Although foundations have always existed under Maltese law, they were never specifically regulated. A recent law, enacted in 2008, provides that the foundation must be constituted in writing, via public deed inter vivos or a public or secret will and then registered with the Office of the Registrar of Legal Persons, which is an ad hoc office set up for the specific purpose of undertaking the registration of legal persons in general. The foundation deed must include detailed provisions containing the powers, form of resolutions and signing authority of the foundation, features which make the foundation more similar to a company set up than a trust.
Once a foundation is established, a new legal person is created so it is the foundation itself which becomes the owner of the property. This is a significant variation from the trust concept as a trust does not constitute a separate legal person and it is the trustee who holds the property in ownership for the benefit of the beneficiaries. The foundation is also preferable when the founder would like to retain a degree of control over the assets.
The foundation has a board of administrators which would have broadly similar powers of administration, representation and disposition as the trustee. In both trusts as well as foundations, the law provides for the figure of the “protector”, usually nominated by the settlor/founder, that can qualify, or in some cases limit, the discretions exercised by the trustee or board of administrators. In the case of a foundation, the founder may also appoint a supervisory council. The board of administrators is accountable for the management of the foundation, but the founder may exert considerable control. The founder may directly supervise the administration and he may even be one of the administrators as well as beneficiary.
The foundation’s main aim should be to hold assets. In fact it cannot be established to trade or carry out commercial activities although it may be endowed with commercial property or a shareholding in a profit-making enterprise, a franchise, trade mark or ship as a passive owner. It is also worth noting that a trust can be converted into a foundation or vice versa and that both private trusts and private foundations have a duration limit of 100 years.
A very interesting feature is that it is lawful to establish segregated cells within a foundation to achieve particular purposes with particular assets. The segregated cell will not have separate legal personality however the assets and liabilities of the cell constitute a distinct patrimony distinct from other assets and liabilities of the foundation or other cells.
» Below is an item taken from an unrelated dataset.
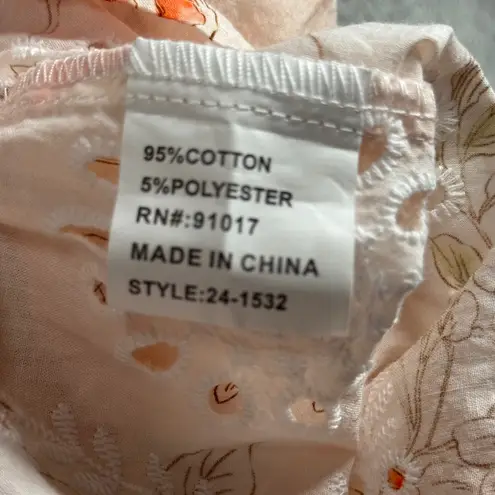 Solitaire Blouse XL Peach Eyelet Floral Ruffle Sleeve Cottagecore Boho Peasant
In terms of Maltese legislation, it is also possible to re-domicile a foundation in and out of Malta.
By default, a foundation is to be treated, for tax purposes, in the same manner as a company, so any rules applicable within the context of a company would equally apply within a scenario involving a foundation. A foundation shall be treated as ordinarily resident and domiciled in Malta and tax shall be payable on the profits of a foundation at the rate of 35% and it shall be payable in the same manner applicable to companies. Hence distributions of profits to beneficiaries of a foundation shall be treated as if they were dividends distributed to shareholders of a company and any transfer of a beneficial interest in a foundation by such beneficiaries shall be deemed to be a transfer of a security for all the purposes of the Income Tax Act.
The administrators may by notice in writing to the Commissioner irrevocably elect that the foundation be treated as a trust for tax purposes. Such gives rise to very beneficial private asset planning opportunities particularly where the founder and beneficiaries are not resident and domiciled in Malta, in which case no tax and duty will be payable in Malta upon settlement or on the income attributable to the foundation.